WHAT IS NEEDED - Note each line in the data holding the string "view" and report it.

EXERCISE MATERIALS -
____

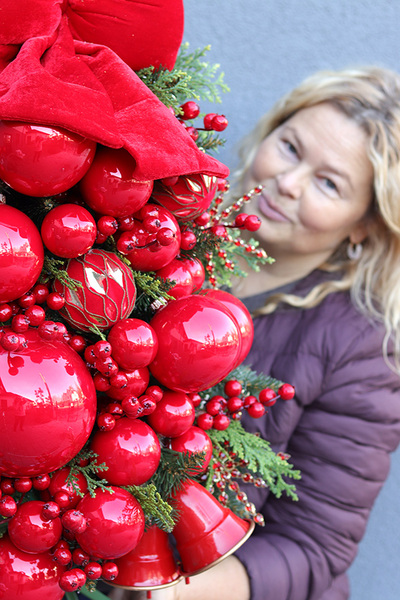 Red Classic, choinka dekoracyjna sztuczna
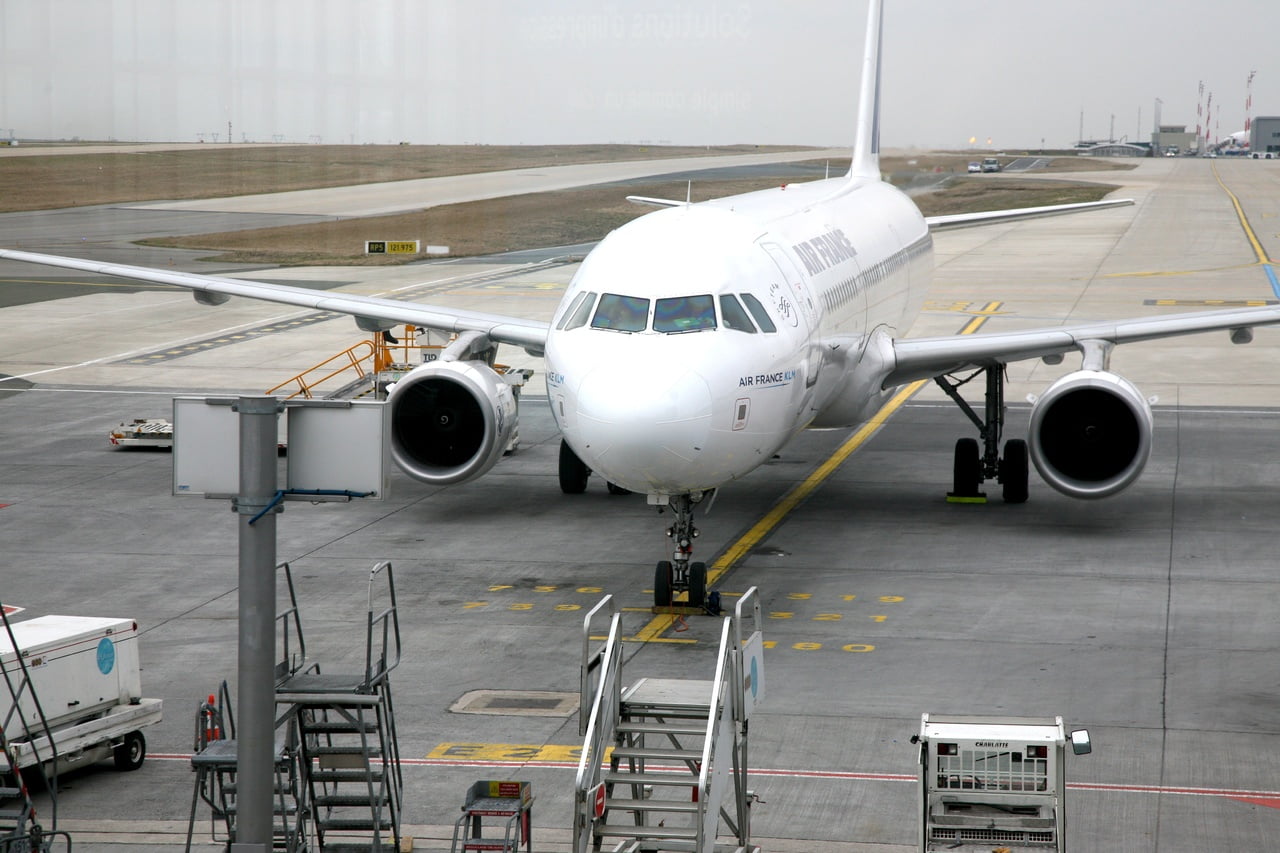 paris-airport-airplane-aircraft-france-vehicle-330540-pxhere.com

____

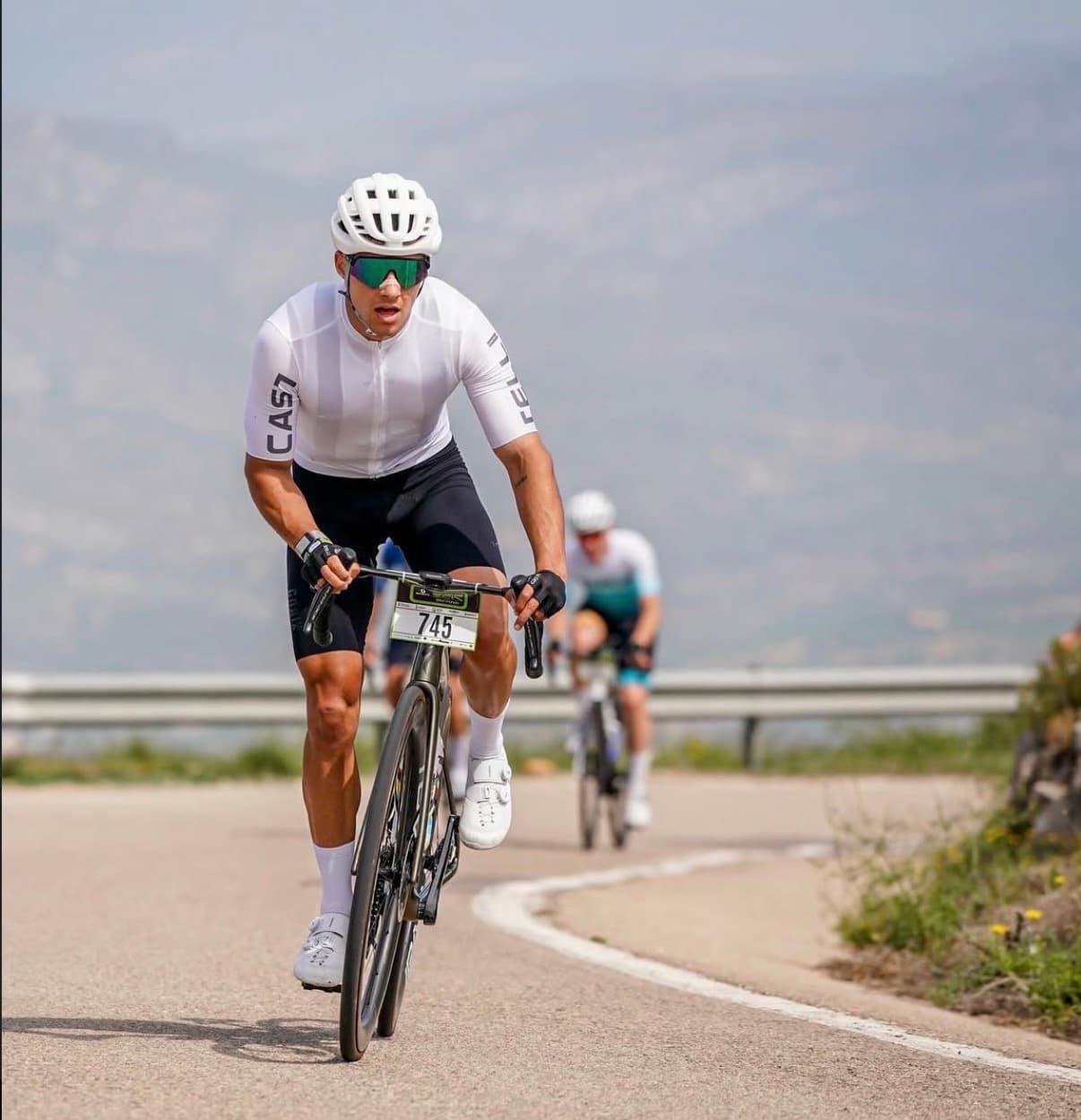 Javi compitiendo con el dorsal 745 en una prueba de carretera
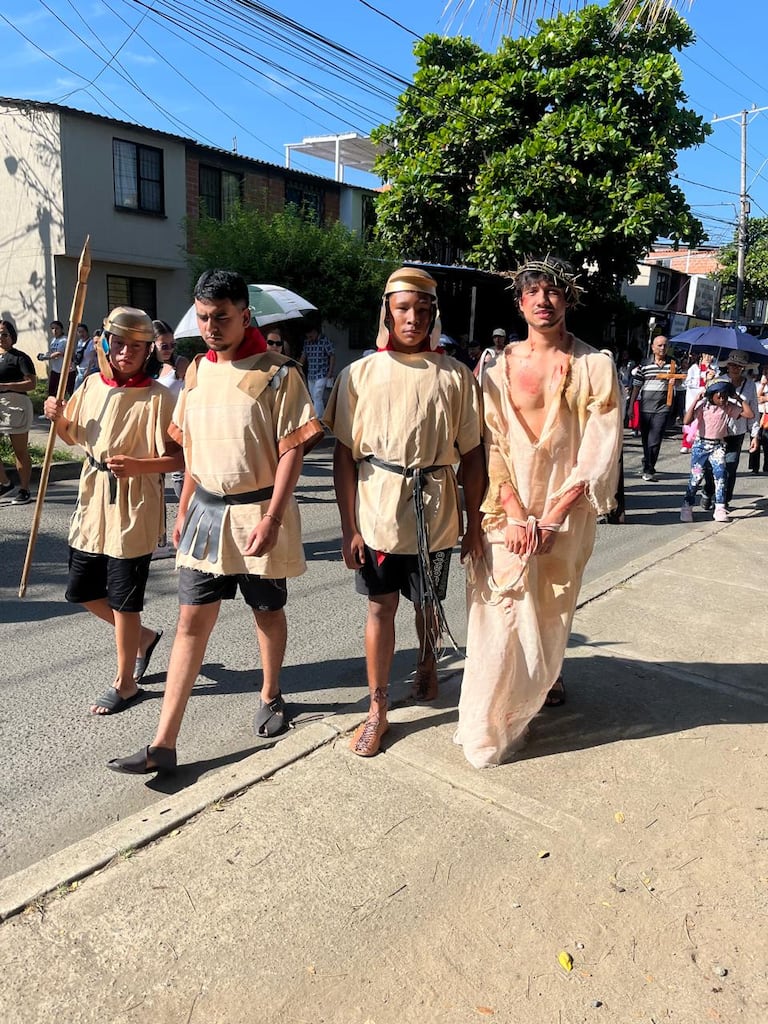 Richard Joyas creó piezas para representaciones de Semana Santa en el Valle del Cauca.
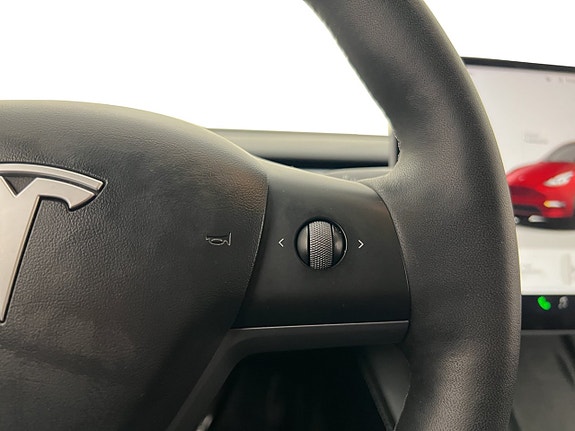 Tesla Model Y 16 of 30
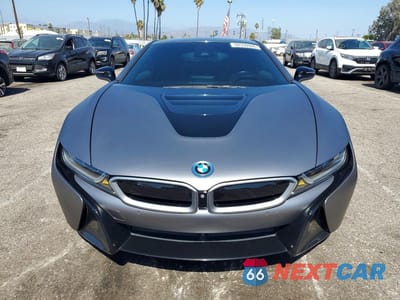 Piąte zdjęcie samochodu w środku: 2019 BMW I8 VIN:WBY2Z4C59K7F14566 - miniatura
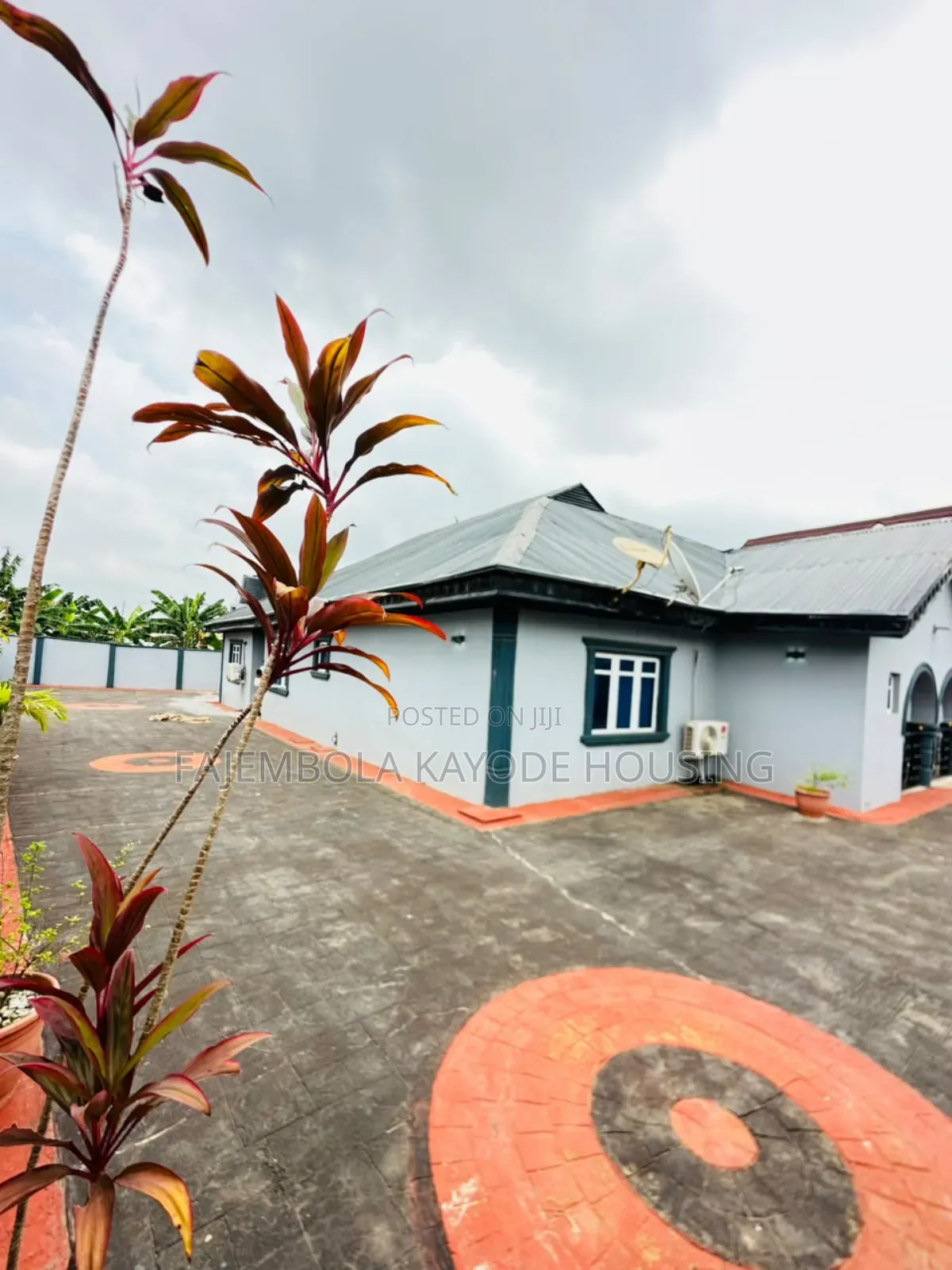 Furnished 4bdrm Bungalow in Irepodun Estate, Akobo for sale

____

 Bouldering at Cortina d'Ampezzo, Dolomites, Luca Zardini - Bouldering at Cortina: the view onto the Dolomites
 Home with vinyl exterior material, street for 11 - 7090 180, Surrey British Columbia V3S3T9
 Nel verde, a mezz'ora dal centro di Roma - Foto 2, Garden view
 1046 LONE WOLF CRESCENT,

____

EXPECTED ANSWER -
 Bouldering at Cortina d'Ampezzo, Dolomites, Luca Zardini - Bouldering at Cortina: the view onto the Dolomites
 Nel verde, a mezz'ora dal centro di Roma - Foto 2, Garden view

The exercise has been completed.